Mas se deu pra disfarçar no segundo, as coisas no terceiro não iriam ser tão fáceis. E depois de enrolar por todo 2008, o Franz começou a estruturar seu disco em público, batizando músicas novas nos shows, deixando escapar um ou outro MP3 e assim medindo a recepção e impacto em relação às faixas antigas. E mesmo que o grosso das faixas de Tonight: Franz Ferdinand, o disco que vazou durante o fim de semana, seja conhecido do fã mais completista, elas vêm com nova roupagem – e é justamente isso que justifica a existência do disco.

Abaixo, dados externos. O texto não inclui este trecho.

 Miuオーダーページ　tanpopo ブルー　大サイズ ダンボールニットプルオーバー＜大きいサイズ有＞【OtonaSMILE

Grande parte das canções poderiam estar em ambos discos anteriores, mas não como elas se apresentam em Tonight. O clima do novo álbum é, óbvio, noturno, mas o Franz aproveita as sombras da noite para dar um grau de seriedade e tensão inexistente na banda até então. Desde a capa (que retrata uma cena do crime em algum dia do meio do século 20) aos títulos da música, passando pelo pulsar disco music que permeia todo o disco e pelo ar sempre sério e tenso de todas as faixas – não estamos ouvindo um Franz Ferdinand amadurecido, mas apenas uma banda fazendo pose, como se estivesse vestindo uma roupa mais arrumada que o habitual e fizesse caretas no espelho para justificar os novos trajes.

Assim, se antes as músicas da banda tinham uma certa informalidade dance ou ironia artsy que inevitavelmente guardava um sorriso, em Tonight o ar é mau. Eles resolvem a equação que fazia Michael Jackson não soar tão malvado quanto queria em “Bad”, mesmo com Martin Scorsese na direção do clipe: em vez de uma música animada, o lance era diminuir o BPM pro ritmo de “Billie Jean”. Ali, no compasso do metrônomo, tic-tac, que o Franz caminha pela noite, seja por uma rua mal iluminada ou atravessando a massa da pista de dança. E o fato de ter feito isso num terceiro disco faz com que a banda não pareça estar assumindo a eletrônica, mas apenas usando-a como um acessório específico para criar os climas deste disco, mais próximo da nu-disco e desta house à Hercules & the Love Affair do que da new rave (como fez o Rapture em seu disco passado – “more cowbell”).

Assim, Tonight funciona como mais um pilar na história do rock para dançar deste começo de século, que começa com os Strokes passa pelos mashups do 2ManyDJs, “House of Jealous Lovers”, LCD Soundsystem, White Stripes, Arctic Monkeys, Justice e umas cinco ou seis músicas do próprio Franz. Mas o novo disco não é só uma coleção de hits: é uma obra com começo, meio e fim, sendo seu momento central a nova versão para “Lucid Dreams”, que originalmente era uma new wave grudenta e em sua atual versão ganha ares de épico techno.

Discaço: agora sim temos um primeiro grande disco de 2009.